Want to show:
Let G be a finite group and $N\leq G$. $\forall b\in N$, $bN=N$.
Proof:
Let $a \in bN$ that means $a=bn$, for some $n \in N$. Since $b \in N$ and since N is a group, it is closed and therefore $a=bn \in N$. This means that $bN \subseteq N$. Furthermore, since $|N|=|bN|$ (I proved this before attempting this exercise) it follows that $N=bN$.
Is the proof correct? I'm trying to improve my proof writing skills, and would very much like your feedback.
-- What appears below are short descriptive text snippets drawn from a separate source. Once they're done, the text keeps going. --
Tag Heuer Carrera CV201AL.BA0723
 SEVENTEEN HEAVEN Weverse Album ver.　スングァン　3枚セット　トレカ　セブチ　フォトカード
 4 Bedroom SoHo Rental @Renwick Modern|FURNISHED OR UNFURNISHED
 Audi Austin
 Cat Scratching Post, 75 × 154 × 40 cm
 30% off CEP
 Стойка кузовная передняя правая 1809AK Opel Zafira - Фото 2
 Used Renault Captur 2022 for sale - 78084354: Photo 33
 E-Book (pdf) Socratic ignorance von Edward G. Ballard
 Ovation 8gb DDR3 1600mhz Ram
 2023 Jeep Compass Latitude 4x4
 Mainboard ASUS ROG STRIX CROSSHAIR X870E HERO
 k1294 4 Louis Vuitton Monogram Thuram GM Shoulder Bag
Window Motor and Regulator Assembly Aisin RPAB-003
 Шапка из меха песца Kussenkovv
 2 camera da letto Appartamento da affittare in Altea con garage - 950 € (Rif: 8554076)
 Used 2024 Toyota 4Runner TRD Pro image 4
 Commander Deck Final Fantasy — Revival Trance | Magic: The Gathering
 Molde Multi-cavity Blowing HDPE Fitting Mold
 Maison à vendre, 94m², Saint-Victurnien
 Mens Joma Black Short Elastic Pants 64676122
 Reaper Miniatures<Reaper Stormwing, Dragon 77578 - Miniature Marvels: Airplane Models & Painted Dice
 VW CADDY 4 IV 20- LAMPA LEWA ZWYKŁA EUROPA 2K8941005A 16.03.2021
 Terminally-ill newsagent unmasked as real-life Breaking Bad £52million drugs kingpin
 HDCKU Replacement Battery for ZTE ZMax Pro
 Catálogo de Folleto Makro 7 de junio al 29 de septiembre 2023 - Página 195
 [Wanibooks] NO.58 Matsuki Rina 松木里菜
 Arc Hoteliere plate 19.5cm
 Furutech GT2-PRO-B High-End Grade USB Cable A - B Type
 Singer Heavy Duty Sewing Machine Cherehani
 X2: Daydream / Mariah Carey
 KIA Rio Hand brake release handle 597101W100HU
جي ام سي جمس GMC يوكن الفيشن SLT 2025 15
Furthermore, i'd also like to see how you would write this proof, please.
My Questions:
1)For two sets, A,B, such that their cardinality is infinite (but the same),if $B \subset A$ does it follow that $A=B$ ? How would you prove this?
2) Can I just say that if b$\in N$ is arbitrary then $\{$ $bn: n\in N$ $\}$ $=$ $N$? I think I can because N is closed, and no matter what b I pick, multiplying it by every n in N will give me the group? This is because G,N are finite and this is a direct consequence of the fact that if G is a group then every row and every column has distinct elements. Can this be generalized to infinite groups?
$\newcommand{\N}{\mathbb{N}}$$\newcommand{\Z}{\mathbb{Z}}$I know your problem is stated for finite groups, but I think that this is misleading, because the result holds true in general, and the proof for the general case, as you will see in a minute, is not more difficult than the one for the finite case. (The cardinality argument fails when $N$ is infinite, as $2 \N \subsetneq \N$ provides an example of two sets with the same cardinality, one properly contained in the other.)
Once you have proved (without appealing to finiteness) that for $b \in N$ you have $b N \subseteq N$, just note that since $N$ is a subgroup, if $b \in N$ then $b^{-1} \in N$ as well, so that $b^{-1} N \subseteq N$ and thus, multiplying on the left by $b$, you obtain $N \subseteq b N$.